It never feels good to put in a big training block in anticipation of the highlight event, only to have it not work out. No matter how much we talk about intrinsic motivation, it is human nature to want positive feedback for something into which we’ve invested our heart and soul. If you miss your goal, it’s natural to feel bummed out, at least for a little while. But then what? What are the takeaways from a bad race, and how do you move forward?
Assess what went wrong.
Not accomplishing your “A” goal can happen for a number of reasons: mechanical failure; nutritional miscalculation; an error in pacing strategy; even just difficult conditions. The longer the event, the more opportunity there is for things to go wrong. However, it’s pretty rare to completely blow every element of a race; there are usually one or two critical mistakes or misfortunes. That’s why it’s important to slice and dice all your events to take what lessons you can.

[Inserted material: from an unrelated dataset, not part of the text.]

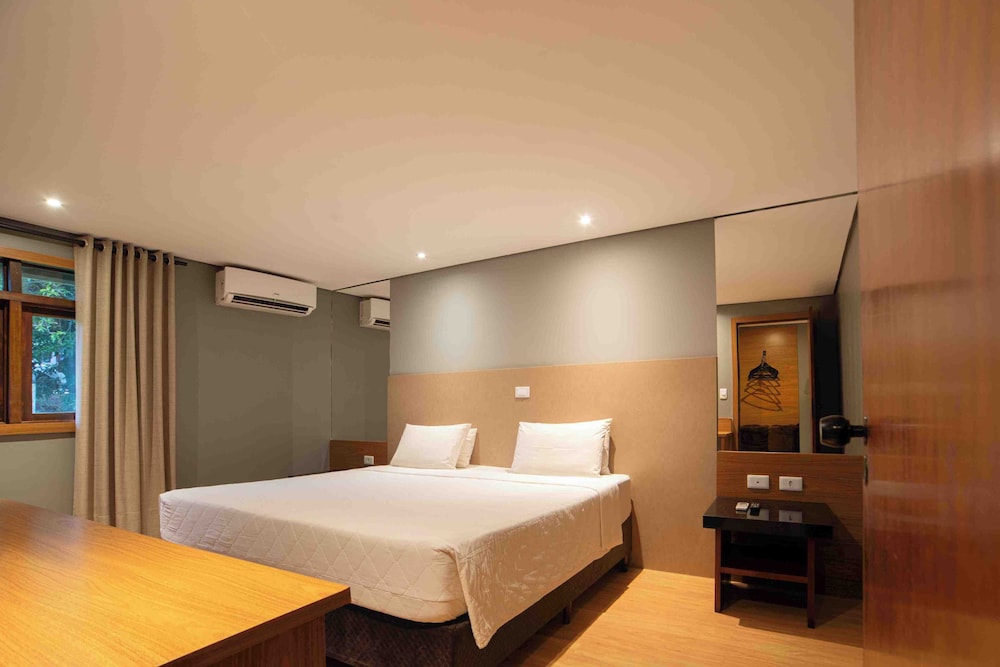 جناح بسرير مزدوج مع أريكة، ZAGAIA ECO RESORT 2/10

Try to identify what you did well, so you may replicate those elements in the future—and isolate them from your mistakes, so they can be fixed for next time. It may not feel like it, but you are well on your way to achieving success at your next big race.
Review your last six months of training.
Look back on your last six months for both errors and successes. Where did you start? Were you healthy or injured? Did you build a proper foundation of fitness? Did you over-race? Maybe you had physical setbacks or perhaps an atypical life schedule with work, family or travel? If so, was it realistic to have high expectations?
My observation is that athletes who tend to get on a roll in training and are able to back up successful training cycles without a lot of adjustments tend to have much higher odds of success on race day. It’s good to take a bird’s eye view of your training leading into your key event, and adjust your expectations accordingly.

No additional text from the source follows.